TAM provides management services using a fixed income strategy. We generally use a Sub-Adviser,
or in some cases mutual funds to manage the fixed income allocation. In the event a Sub-Adviser is
used, TAM will examine the experience, expertise, and the investment philosophy when selecting the
Sub-Adviser and will monitor the performance of the Sub-Adviser as well as their economic outlook
and fixed income sector allocations. Additionally, we will survey the Sub-Adviser's compliance and
business enterprise risk.
Item 9 Disciplinary Information
We are required to disclose any legal or disciplinary events that are material to a client's or prospective
client's evaluation of our advisory business or the integrity of our management.
Our firm and our management personnel have no reportable disciplinary events to disclose.
Item 10 Other Financial Industry Activities and Affiliations
TAM has no financial industry affiliations.

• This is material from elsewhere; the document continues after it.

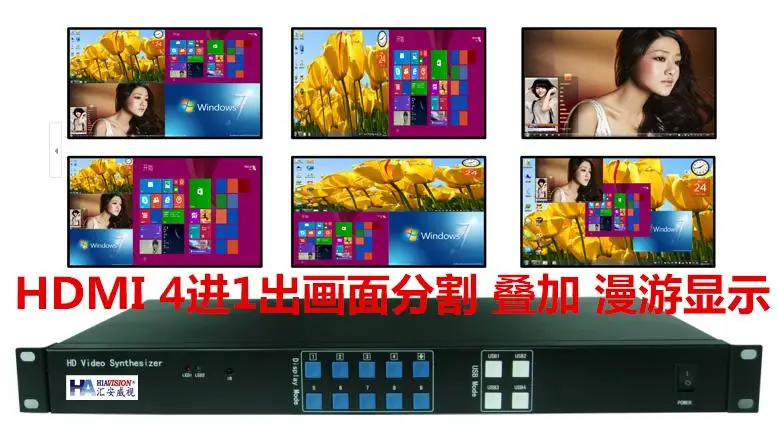 4x1 HDMI переключатель HD видео синтезатор делитель процессора, чтобы отображать 4 1080P картинки на одном мониторе одновременно, с USB
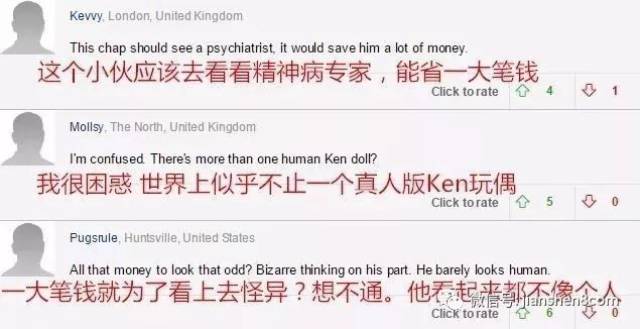 男子花百万整形成“肌肉男”，这是妖精还是人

The firm endeavors at all times to put the interest of its clients first as part of our fiduciary duty as a
registered investment adviser; we take the following steps to address this conflict:
• we disclose to clients the existence of all material conflicts of interest
• we periodically monitor outside employment activities to verify that any conflicts of interest
continue to be properly addressed by our firm; and
• we discuss with our employees the responsibilities of a fiduciary, including the need for having
a reasonable and independent basis for the investment advice provided to clients.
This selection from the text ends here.